はあ。宅とも、よく相談しまして、二、三日内に、ハッキリしたお返事をいたします。」と、どこか打ちとけない返事であった。
もう、すっかり定《きま》ったことと安心していた新子は、急に、夫人の手で三、四尺|後《うしろ》へ、押しのけられたような気持であった。

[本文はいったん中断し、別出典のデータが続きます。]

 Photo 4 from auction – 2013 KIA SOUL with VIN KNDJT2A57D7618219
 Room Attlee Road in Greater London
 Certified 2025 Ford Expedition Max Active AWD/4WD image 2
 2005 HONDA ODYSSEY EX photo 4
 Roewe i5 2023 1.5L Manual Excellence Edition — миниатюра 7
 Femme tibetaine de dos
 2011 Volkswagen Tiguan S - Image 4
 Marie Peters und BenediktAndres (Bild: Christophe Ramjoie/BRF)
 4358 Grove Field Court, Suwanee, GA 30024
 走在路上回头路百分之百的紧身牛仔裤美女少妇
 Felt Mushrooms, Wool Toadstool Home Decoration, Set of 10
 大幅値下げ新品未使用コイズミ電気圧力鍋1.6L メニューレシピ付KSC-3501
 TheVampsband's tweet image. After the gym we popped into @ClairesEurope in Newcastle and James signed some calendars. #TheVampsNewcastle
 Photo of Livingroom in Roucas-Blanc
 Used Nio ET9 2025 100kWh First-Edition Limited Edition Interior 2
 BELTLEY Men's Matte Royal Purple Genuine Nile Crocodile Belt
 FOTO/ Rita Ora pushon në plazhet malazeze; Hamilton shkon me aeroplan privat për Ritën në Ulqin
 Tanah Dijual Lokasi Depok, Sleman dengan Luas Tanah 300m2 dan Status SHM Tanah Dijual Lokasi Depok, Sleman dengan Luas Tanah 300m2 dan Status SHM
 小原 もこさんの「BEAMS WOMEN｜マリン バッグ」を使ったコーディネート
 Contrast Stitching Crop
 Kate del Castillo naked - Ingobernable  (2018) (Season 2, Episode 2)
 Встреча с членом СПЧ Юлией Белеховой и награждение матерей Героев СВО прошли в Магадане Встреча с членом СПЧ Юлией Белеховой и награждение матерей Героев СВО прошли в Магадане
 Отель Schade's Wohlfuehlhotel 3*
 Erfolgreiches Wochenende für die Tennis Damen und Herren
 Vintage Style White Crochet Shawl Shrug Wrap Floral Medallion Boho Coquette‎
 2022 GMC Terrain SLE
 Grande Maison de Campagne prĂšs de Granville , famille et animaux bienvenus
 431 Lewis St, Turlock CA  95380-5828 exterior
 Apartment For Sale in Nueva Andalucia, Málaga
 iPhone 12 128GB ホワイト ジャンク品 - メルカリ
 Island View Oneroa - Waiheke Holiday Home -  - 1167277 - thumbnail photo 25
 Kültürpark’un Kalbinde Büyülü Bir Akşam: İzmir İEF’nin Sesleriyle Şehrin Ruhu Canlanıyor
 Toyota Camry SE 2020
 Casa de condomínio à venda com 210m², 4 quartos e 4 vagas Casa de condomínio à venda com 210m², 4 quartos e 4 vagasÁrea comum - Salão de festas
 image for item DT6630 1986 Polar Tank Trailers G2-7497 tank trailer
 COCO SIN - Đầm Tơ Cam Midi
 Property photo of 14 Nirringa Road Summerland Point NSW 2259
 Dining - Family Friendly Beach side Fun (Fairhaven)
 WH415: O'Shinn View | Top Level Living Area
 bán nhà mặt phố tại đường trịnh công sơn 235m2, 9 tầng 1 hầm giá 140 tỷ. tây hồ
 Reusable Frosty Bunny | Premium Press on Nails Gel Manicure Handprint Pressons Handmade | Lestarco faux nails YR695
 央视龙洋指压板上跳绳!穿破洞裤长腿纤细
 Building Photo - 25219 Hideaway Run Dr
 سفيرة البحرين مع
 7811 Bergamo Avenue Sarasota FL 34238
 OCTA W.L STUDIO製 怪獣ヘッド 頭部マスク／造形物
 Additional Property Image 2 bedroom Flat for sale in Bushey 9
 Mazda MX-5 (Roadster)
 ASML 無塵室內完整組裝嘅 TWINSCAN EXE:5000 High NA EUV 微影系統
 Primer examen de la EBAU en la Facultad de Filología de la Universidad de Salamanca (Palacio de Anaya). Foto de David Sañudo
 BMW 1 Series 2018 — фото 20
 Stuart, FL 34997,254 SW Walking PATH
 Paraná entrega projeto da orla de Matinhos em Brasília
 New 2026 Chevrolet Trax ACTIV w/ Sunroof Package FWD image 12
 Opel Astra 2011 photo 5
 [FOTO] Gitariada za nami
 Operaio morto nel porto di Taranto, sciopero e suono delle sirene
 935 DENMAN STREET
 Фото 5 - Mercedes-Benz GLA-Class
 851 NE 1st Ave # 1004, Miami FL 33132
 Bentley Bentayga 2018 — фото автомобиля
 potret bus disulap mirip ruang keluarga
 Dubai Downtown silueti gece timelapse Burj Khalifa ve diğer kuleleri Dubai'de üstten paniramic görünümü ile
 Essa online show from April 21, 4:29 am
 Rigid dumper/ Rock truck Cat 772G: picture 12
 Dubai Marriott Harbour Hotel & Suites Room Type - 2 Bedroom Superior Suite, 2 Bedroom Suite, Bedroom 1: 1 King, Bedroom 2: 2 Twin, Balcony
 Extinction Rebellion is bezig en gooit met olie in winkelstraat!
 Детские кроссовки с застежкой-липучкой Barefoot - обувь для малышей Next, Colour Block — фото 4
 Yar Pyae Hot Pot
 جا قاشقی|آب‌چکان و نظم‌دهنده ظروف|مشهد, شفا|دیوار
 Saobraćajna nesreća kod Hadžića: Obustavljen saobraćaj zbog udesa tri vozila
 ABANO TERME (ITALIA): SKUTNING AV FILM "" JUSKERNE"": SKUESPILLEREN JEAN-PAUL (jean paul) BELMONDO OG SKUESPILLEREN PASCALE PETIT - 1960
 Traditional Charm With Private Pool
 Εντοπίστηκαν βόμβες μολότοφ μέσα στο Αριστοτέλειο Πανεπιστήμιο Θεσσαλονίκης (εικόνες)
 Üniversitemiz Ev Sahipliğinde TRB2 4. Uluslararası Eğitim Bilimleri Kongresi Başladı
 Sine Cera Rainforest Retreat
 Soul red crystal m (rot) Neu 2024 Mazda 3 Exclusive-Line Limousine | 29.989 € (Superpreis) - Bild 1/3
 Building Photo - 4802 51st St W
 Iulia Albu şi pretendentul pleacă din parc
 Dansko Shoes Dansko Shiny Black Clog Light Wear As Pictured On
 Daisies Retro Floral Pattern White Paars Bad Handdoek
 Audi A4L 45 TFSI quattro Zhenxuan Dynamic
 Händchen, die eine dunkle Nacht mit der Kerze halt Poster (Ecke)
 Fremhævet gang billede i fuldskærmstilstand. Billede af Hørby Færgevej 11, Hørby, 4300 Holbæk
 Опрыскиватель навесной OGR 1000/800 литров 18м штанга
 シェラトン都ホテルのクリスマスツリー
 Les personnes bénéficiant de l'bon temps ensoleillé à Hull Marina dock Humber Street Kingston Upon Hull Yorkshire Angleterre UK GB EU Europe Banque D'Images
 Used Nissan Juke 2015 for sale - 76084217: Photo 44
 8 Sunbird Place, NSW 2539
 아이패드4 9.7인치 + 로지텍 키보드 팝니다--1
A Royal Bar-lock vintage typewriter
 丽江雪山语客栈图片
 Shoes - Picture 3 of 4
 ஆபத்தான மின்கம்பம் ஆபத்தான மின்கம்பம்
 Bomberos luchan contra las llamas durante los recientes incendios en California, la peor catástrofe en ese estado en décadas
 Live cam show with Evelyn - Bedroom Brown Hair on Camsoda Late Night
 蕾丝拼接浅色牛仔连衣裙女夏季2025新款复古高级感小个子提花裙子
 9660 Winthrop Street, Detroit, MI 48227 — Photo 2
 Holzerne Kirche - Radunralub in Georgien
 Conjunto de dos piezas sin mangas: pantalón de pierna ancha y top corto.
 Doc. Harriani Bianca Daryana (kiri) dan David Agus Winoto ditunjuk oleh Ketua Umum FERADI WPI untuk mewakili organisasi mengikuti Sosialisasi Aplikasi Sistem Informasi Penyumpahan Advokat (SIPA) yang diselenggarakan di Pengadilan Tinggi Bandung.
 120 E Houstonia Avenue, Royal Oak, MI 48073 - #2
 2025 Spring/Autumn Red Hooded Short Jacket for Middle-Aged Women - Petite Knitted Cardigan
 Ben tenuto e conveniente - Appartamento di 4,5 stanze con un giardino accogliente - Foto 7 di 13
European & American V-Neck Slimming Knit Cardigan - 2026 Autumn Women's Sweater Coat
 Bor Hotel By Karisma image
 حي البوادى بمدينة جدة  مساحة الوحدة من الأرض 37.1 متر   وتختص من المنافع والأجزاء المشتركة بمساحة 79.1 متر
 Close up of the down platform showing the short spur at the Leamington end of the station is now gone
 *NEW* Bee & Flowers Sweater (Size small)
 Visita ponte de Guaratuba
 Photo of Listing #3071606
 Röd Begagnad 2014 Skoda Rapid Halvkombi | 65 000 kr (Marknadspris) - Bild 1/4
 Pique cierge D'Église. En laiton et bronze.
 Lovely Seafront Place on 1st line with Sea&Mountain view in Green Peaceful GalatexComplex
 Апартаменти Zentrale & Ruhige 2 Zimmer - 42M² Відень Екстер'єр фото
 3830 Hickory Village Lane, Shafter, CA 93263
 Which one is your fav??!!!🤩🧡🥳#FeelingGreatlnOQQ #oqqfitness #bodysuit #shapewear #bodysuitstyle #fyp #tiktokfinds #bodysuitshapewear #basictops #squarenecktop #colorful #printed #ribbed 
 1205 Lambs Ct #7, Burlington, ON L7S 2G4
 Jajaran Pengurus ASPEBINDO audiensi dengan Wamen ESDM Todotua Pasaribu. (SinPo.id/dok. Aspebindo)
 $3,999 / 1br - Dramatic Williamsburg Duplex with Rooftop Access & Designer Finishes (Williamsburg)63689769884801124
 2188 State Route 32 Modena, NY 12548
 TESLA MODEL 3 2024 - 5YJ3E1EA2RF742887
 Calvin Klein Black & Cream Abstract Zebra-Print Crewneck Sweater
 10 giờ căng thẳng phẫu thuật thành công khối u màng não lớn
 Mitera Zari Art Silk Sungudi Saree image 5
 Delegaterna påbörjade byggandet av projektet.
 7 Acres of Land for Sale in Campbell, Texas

新子は、急にバツがわるく路子か準之助かが、何か一言取りなすような言葉をはさんでくれることを望んだが、二人とも何ともいってくれなかった。
「では、何分よろしく。」
新子は、自分の身が、みじめに感ぜられ、モジモジしながら、暇《いとま》を乞おうとしている機先を、夫人は見事に制して、
「まあ。およろしいじゃありませんか。食事の用意を申しつけてありますから、路子さんや子供と一しょに召し上って下さいませ。私も、ご一しょだといいんですけれど、ちょっとこれから、外出致しますから、あしからず。」といいさして優美に腰を浮かせると、新子が眼のやりばにこまったほど、色っぽい眼差しで、夫君を見おろして、
「じゃ、貴君《あなた》、私は行って参りますから。」と、やさしく、しかし、誇りかに挨拶すると、子供達の方には眼もくれず、部屋を出て行ってしまった。